> Data extracts:
▽
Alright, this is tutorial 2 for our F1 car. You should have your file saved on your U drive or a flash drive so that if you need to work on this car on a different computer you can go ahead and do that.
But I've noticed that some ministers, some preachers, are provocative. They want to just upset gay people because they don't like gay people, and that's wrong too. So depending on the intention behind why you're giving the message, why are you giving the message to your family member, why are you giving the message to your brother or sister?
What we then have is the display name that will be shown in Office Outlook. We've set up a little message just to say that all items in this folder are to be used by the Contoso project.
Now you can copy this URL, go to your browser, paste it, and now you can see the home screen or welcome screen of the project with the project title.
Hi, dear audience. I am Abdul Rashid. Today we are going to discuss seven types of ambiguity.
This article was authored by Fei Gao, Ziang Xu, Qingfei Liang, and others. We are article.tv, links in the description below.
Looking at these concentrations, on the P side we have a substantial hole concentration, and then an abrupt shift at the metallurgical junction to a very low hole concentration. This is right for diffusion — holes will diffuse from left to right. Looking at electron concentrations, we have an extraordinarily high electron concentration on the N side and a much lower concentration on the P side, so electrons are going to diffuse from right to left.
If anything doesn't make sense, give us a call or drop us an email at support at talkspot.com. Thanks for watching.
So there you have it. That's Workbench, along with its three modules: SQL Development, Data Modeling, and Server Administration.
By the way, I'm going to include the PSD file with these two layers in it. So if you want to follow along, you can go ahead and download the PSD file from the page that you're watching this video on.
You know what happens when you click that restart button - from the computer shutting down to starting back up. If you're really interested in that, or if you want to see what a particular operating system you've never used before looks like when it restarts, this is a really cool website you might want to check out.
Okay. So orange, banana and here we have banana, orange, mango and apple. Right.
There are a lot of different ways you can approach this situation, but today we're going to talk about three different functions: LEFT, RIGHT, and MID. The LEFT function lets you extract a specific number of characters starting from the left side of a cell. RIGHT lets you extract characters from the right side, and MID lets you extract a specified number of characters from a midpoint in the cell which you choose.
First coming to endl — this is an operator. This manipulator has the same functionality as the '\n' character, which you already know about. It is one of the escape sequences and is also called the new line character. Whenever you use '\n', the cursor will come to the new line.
△
> Task statement:
Return exactly, and only, the lines above starting at the line that contains "You know what" and ending at the line that contains "Okay. So orange, banana".

> Answer to the problem:
You know what happens when you click that restart button - from the computer shutting down to starting back up. If you're really interested in that, or if you want to see what a particular operating system you've never used before looks like when it restarts, this is a really cool website you might want to check out.
Okay. So orange, banana and here we have banana, orange, mango and apple. Right.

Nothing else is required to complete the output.